Which I did. I followed the rules. All of them. I got good grades; I wrote thank-you notes; I wore sensible shoes. I didn’t drink. I was safe, “successful,” and well-liked. I didn’t make waves.

I also didn’t take chances. Until one day…

It was college-application time. I had slaved over my application statements, editing, re-working them, attempting to achieve that perfect balance of “who, me?” humility and blatant horn-tooting. And in so doing, I watered myself down to a personality-less page of hollow verbiage. Not that I saw it that way. I was just being a good applicant, following the rules.

But then along came my Stanford application. I had left that one until the very last minute. It scared me, I think, because it was not like all the others. No safe question that I could bend to serve all the applications, no pat answers could be given here: “What three items would you take with you if your house were on fire?” And it had to be postmarked by the end of the day.

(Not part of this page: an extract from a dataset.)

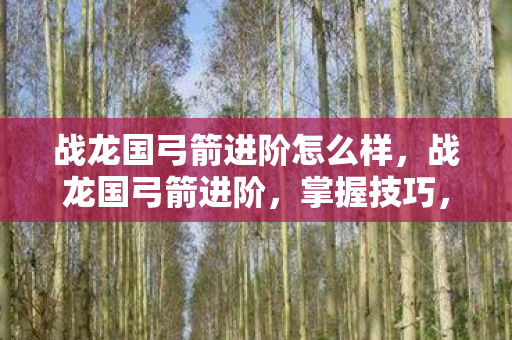 战龙国弓箭进阶怎么样图片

I seriously considered not applying. No one would know or care; I had requested the application on a whim anyway, having never even set foot in California. Better to stick with the familiar Midwest and East Coast. I stood with the half-finished application, poised to drop it in the trash. I shook my hand, but my fingers would not let go. Oh, all right, I thought. It’s such a long shot. I’ll just write the first things that come to mind.

And that’s exactly what I did. I wrote, in pen, directly onto the application. I wrote what came to my mind, honestly, without revision.

Before I sealed the envelope, I showed what I had written to my parents. “You would save your Winnie-the-Pooh books?” they said. “Oh, well. You didn’t really want to go there, anyway.”

Months later, when the fat white envelope from Stanford arrived, we were all stunned. I was certain there had to have been some mistake. After all, I had been rejected by my number one choice, the application that I had spent weeks rewriting. How could this be?

Years later, it all makes sense. Who we are, who we really are, exists in the moment. As soon as we ponder, plot, and plan, we are censoring ourselves. We are trying to create something that fits with what we believe the world expects from us, rather than allowing our own perfectly imperfect selves to meet the world with impunity.

We are all, every single one of us, pure creativity. Even Poindexters.

So today, I ask you: who are you, really? Today, let us see the you that doesn’t look or think or talk or act like anyone else. Get out of your own way and tell the censor to go take a hike.

Because you are what we’ve all been waiting for.